■ **EXERCISE INSTRUCTIONS**
Tally the lines in the entries where the string "tutorial" appears, and write only the total.

■ **DATA UNDER STUDY**
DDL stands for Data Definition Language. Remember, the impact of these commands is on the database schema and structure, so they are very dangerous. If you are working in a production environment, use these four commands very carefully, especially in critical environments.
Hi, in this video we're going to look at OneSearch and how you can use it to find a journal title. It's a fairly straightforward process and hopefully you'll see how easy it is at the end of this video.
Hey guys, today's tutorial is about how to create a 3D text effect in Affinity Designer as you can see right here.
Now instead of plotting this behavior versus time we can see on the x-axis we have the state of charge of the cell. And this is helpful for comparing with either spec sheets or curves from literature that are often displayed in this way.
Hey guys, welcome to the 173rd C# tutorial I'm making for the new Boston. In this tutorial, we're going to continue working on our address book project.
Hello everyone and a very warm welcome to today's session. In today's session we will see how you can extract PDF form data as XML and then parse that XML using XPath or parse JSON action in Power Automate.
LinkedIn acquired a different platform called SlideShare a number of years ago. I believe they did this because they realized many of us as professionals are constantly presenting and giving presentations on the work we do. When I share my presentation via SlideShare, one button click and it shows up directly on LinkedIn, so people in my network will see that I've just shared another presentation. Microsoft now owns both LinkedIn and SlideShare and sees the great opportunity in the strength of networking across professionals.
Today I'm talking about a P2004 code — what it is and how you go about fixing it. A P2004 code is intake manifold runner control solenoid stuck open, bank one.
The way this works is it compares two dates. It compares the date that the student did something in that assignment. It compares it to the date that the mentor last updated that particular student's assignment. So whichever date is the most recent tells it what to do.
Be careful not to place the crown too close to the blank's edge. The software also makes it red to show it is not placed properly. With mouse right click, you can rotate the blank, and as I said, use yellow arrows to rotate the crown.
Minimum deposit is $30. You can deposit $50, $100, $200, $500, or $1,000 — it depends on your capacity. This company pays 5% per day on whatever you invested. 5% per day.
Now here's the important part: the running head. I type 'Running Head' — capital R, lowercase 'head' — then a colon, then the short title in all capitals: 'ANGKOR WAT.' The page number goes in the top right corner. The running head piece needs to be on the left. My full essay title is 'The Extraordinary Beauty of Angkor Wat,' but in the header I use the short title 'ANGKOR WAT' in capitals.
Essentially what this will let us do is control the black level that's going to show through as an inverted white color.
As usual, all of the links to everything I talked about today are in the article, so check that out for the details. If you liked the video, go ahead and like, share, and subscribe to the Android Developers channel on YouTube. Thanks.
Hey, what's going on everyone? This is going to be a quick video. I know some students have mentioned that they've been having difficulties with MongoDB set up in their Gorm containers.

■ **SOLVED EXERCISE**
2